Şimdi, birde İsra suresinin 61. ayetini açalım, 287. sayfa. Orada da aynı olay anlatılıyor. Şimdi bu ayetlerde böyle sık sık tekrarlanıyor, sekiz yerde tekrarlanıyor olay. Hem bu eğitimde, Kur’an-ı Kerim okudukça bu olay zihnimizde canlanmış oluyor. Her defasında yeni tarafını öğrenmiş oluyoruz olayın.
“Ve iz kulna lil melaiketiscudu li ademe fe secedu illa iblis, kale e escudu li men halakte tîna.”(17/61)
Aynı şey. İşte bu, ayetlerin müteşabihliği bu. Bakın Öbür ayete de bu var burada da bu var, yani karşılıklı olarak birbirine benzemeleri bunlar.
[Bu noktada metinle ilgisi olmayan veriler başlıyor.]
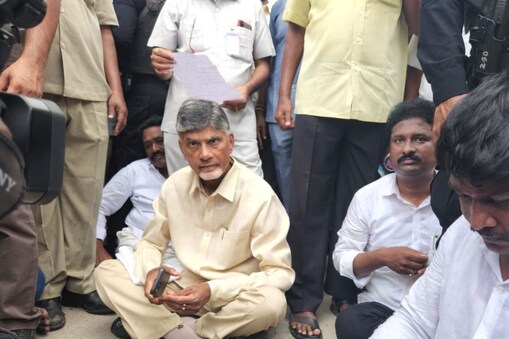 రోడ్డుపై బైఠాయించిన చంద్రబాబు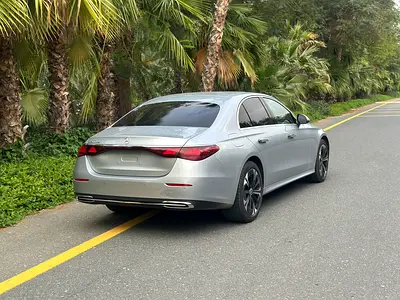 2025 Mercedes-BENZ E-CLASS 缩略图 5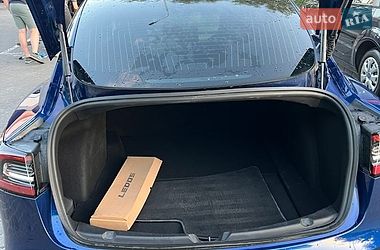 Седан Tesla Model 3 2020 в Києві фото 5 Седан Tesla Model 3 2020 в Києві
Bu benzemelerden hareketle açıklamalara ulaşılır.
“Ve iz kulna lil melaiketiscudu li ademe fe secedu illa iblis, e escudu li men halakte tîna.”(17/61)
“Meleklere Adem’e secde edin diye emir vermiştik (verdiğimiz sırada) hepsi secdeye kapandılar, İblis kapanmadı.” Şimdi İblis’in söylediği sözlerden bir tanesi de şu: “Senin çamur olarak yarattığına mı secde ederim?”. (17/61) diyor.
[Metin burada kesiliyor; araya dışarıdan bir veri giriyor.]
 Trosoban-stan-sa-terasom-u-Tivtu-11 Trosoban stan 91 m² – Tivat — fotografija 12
“Çamurdan yaratmışsın bana secde et diyorsun…” Bakın şimdi büyüklüğü görüyor musunuz, kime karşı büyüklük; Allah’a karşı Adem’e değil. Ondan sonra diyor ki:
“Kale e raeyteke
“Sen kendine baktın mı,” (17/62)
Benden istiyorsun bunu yapmayı, kendine baktın mı? Allah’a diyor bunu.
“hazellezi kerramte aleyye”
“Benden üstün kıldığın bu mu?” (17/62)
“bunu mu bana üstün kıldın?” Şimdi, ne yapıyor burada iyice kimliğini ortaya koyuyor di mi. Çok net bir şekilde; “bunu mu bana üstün kıldın” diyor. Cenab-ı Hakk’ın yaptığının yanlış olduğunu iddia etmiş oluyor.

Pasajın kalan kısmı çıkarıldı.